Right now, the tessituras are rather low for everyone; it's more like AATB than SATB, so you could probably make this easier by transposing it up, even to F major.
I think that it is lovely, quite lovely. One thing, though, that I would change were I doing it - that would be organ rather than piano accompaniment. I would not consider the piano. Further, the only independent instrumental part is the few bars of introduction. This anthem would be quite as effective, if not more so, sung a capella, sansintroduction. At any rate, it is beautiful, refreshingly unpretentious and clean.
@MJO: the accompaniment was intended for organ, but the limits of Finale NotePad are such that I could not put an organ in without having 3 staves. I just wanted the two. The accompaniment is completely ad libitum anyway: you could just start where the choir enters and sing a cappella from there.
I'm being thick, dense or stupid, I guess. If the accompaniment is "completely ad libitum anyway", what does it matter how many staves you have for the organ part? Similarly, wouldn't it take a skilled organist to improvise under all that dissonance without damaging the effect it seems you're trying to create?
Just for space saving purposes. I suppose the whole composition would be better a cappella anyway, but I included the accompaniment colla voce in case it was needed. A skilled accompanist can read in open score, but many who might be accompanying this might not be able to do that.
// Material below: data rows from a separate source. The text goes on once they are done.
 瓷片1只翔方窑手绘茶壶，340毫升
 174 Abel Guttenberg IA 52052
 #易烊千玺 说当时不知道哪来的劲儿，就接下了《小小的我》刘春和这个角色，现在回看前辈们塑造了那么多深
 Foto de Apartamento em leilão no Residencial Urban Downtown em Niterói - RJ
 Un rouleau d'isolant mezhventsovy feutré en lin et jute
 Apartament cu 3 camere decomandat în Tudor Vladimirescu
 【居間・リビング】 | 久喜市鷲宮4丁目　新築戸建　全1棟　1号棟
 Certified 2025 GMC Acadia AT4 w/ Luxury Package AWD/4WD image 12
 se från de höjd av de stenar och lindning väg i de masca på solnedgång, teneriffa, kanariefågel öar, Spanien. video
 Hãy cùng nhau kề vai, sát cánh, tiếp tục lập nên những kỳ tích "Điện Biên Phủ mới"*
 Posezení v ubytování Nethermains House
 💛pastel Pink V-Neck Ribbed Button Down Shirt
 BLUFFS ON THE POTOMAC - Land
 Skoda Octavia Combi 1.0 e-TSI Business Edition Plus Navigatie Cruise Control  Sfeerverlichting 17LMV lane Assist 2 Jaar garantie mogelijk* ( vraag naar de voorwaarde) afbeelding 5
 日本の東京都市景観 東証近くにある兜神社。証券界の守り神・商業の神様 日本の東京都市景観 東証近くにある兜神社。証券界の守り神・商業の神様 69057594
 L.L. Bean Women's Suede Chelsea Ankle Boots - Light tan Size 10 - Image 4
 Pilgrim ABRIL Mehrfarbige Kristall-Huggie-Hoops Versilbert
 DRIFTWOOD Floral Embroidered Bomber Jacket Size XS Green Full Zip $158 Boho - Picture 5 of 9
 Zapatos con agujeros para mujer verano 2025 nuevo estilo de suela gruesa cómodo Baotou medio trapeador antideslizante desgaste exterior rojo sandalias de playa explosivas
I particularly like your use of the f in the Alto as a pedal-tone; and also the transition from the fourth to fifth bars on p. 4, you think it's going to be V7-I, but it isn't: the addition of the ninth is attention getting but not distracting - at this point, as a choir director, I would make sure that there is no breath between "portare" and "Dominum", it definitely want's to be one phrase, perhaps you could put in a little warning about that? (Dotted slur?)